Hindsight being 20/20, that's the very reason why I chose to take a legitimate career risk and join the new business venture; it pushed me. I had to constantly look at my own shortcomings (including having literally no idea what I was doing) and figure out what I could do or learn to improve myself every day. I had no one to shelter me from my mistakes. When I messed up representing the company, it had real consequences with real damage to the business. Everything I learned from that bar taught me all I needed to know about being an account executive, but can't be formally taught, and here I am without the blur.
In the real world, the tests come before the lessons and there's no way to really plan for the future. The Universe loves to blindside us. The only way we can prepare for it is to pick up our paces. The easiest example I have, which you're welcome to use, is running. When we're running, we strive to find that rhythmic pace, so we can just blur the effort out and fall into an easy step. However, if we do that, we'll never improve our time and grow as a runner. We have to be mentally present in the moment when we decide to start running faster. We don't truly grow when we're sitting in the living room with a calendar planning out the miles and the days that we run; we grow by pushing ourselves while we're running. I have yet to find a single moment in my life, at any job or in any class, where I can't adjust the blur to become an active moment of improvement.
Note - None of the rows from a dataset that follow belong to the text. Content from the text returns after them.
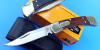 ƻľԶᒰͿ110۵ԵBUCK 110Sl X3958
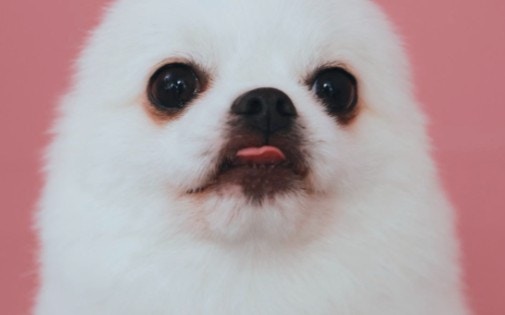 ץΥޥ⺤ǡħŪʼİ24͡ˡġס֤狼߿סڥޥޥ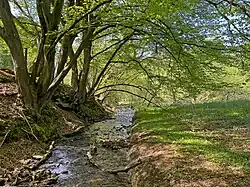 Grunder Bach südl. Grund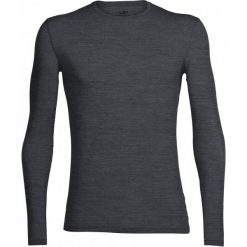 Koszulki sportowe męskie: Icebreaker Koszulka Funkcyjna Mens Anatomica Ls Crewe Jet Hthr/Black/Jet Hthr Xxl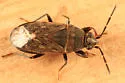 Peritrechus fraternus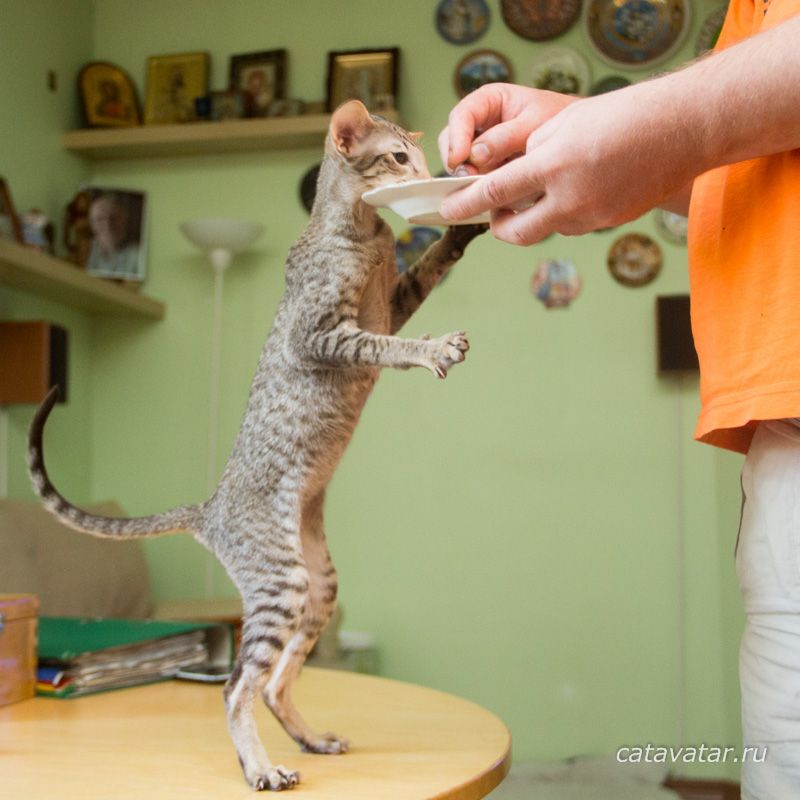Шоколадный пятнистый ориентальный котенок. Питомник ориентальных кошек в Москве. Купить ориента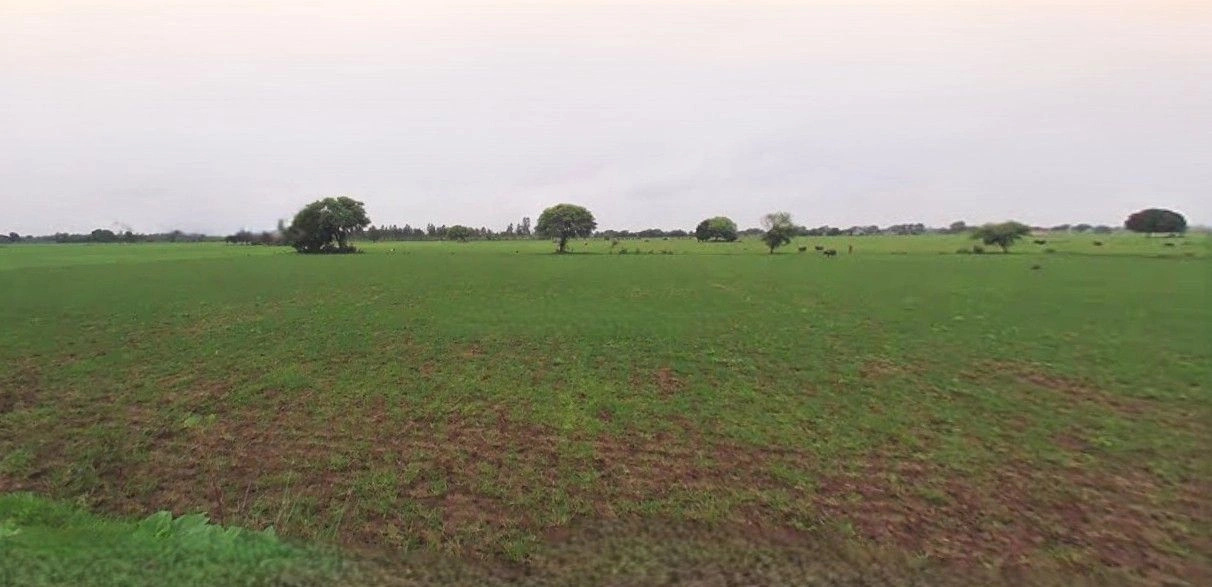 Hasanpur, Uttar Pradesh 244241, India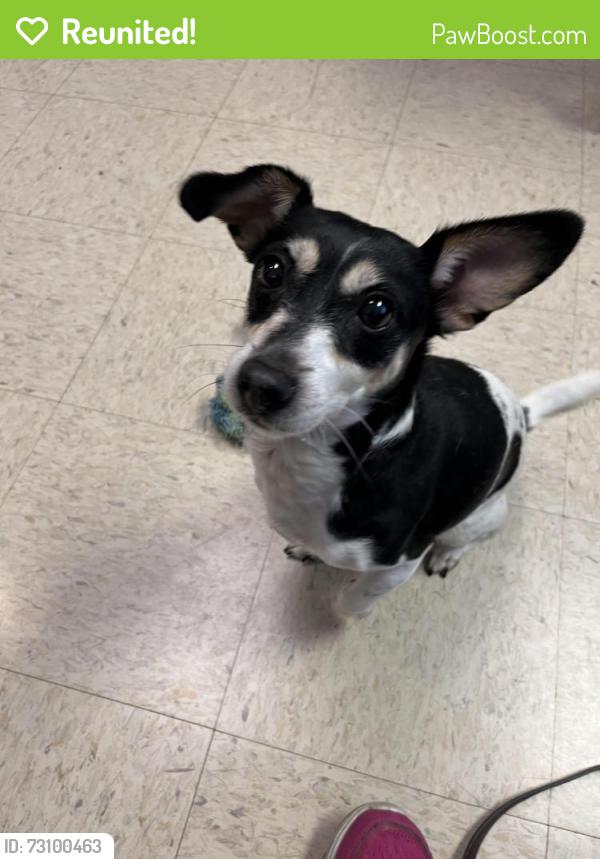Reunited Female Dog last seen 75th St and Goddard, Shawnee, KS 66214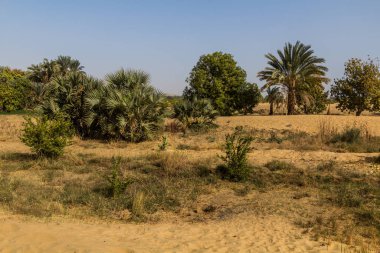 Mısır, Nil nehri yakınlarındaki kum ve bitkiler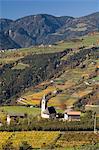 Nafen, Val di Funes, Dolomites, Bolzano province, Trentino-Alto Adige, Italy, Europe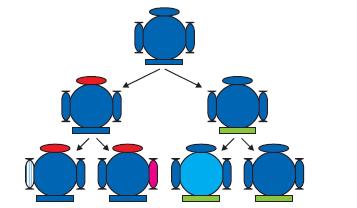 NCERT Solutions - Heredity and Evolution Class 10 Notes | EduRev
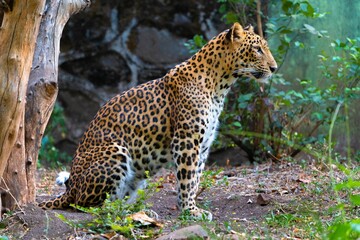 Naklejka na ściany i meble Beautiful and majestic leopard sitting in a natural grassy setting, surrounded by lush trees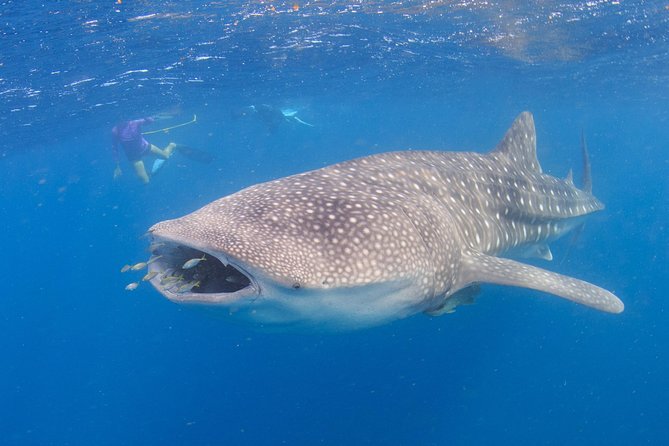 Whale Shark Safari - Reef Snorkeling in Coral Gardens: More Than Just a Warm-Up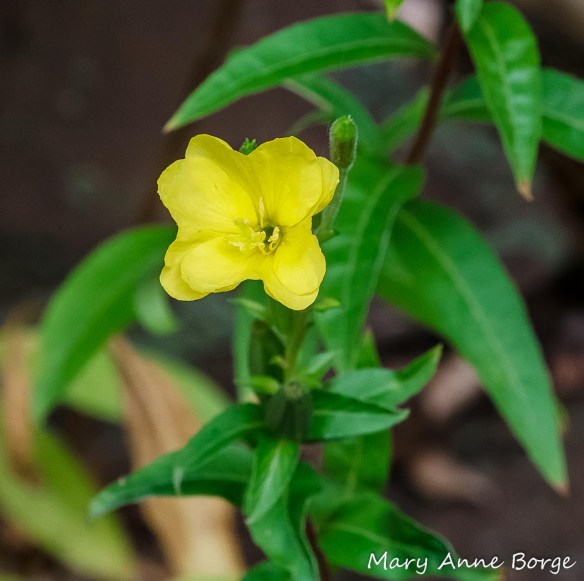 Evening Primrose (Oenothera biennis)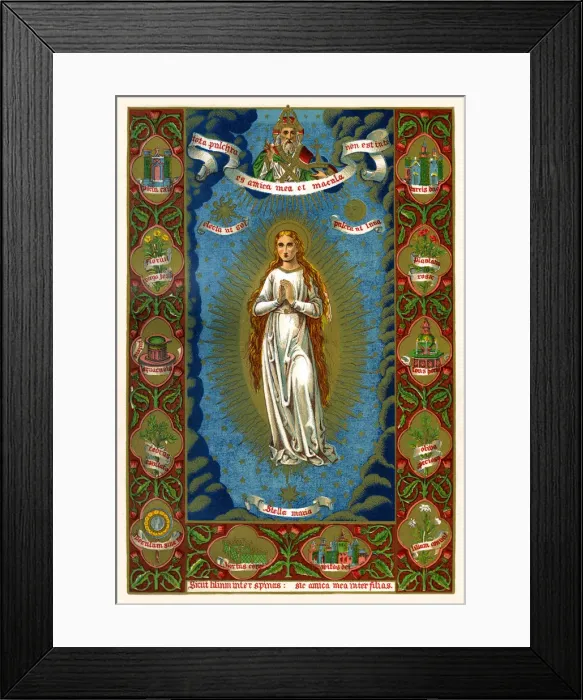 Framed Print : Stella Maria, 1886 Framed Print : Stella Maria, 1886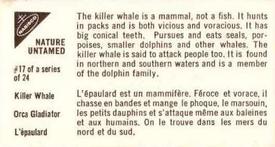 1962 Nabisco Nature Untamed #17 Killer Whale Back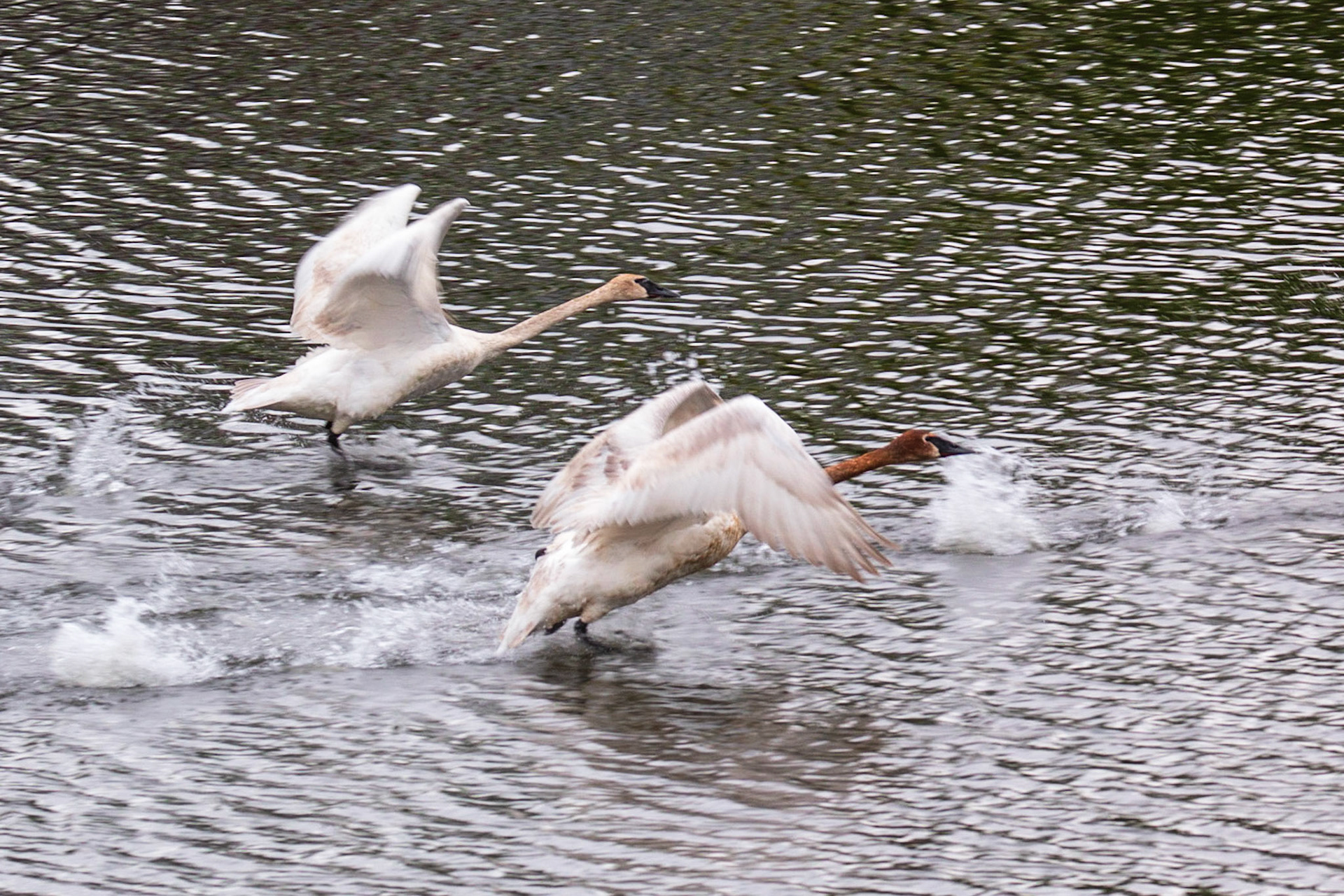 Trumpeter Swans, Sherburne NWR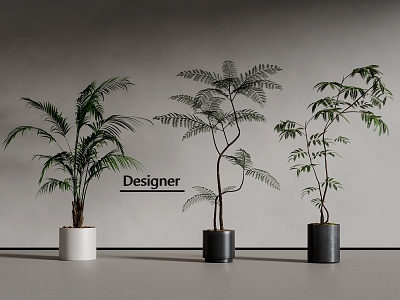 Modern green plant potted plant bonsai 3d model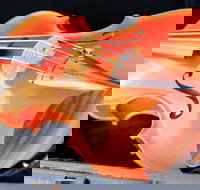 Kendall National Violin Competition Finals Weekend - Accommodation VIC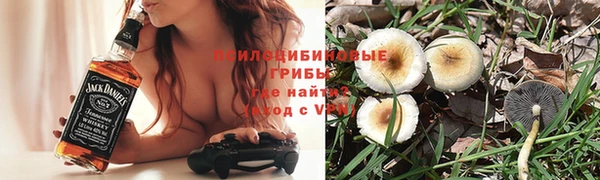 соль курить ск Новозыбков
Yes, it sounds exhausting to always think about how to improve ourselves on those days when we're just begging the clock to fly by - because it is - but that's where we become stronger. It's how we grow and rise to new heights. It's how we become someone we're proud to be. Your life is too damn short to be a blur.
And yes, for the record I actually do need to wear glasses - desperately - but Melania made squinting fetch and I'm already committed to the look.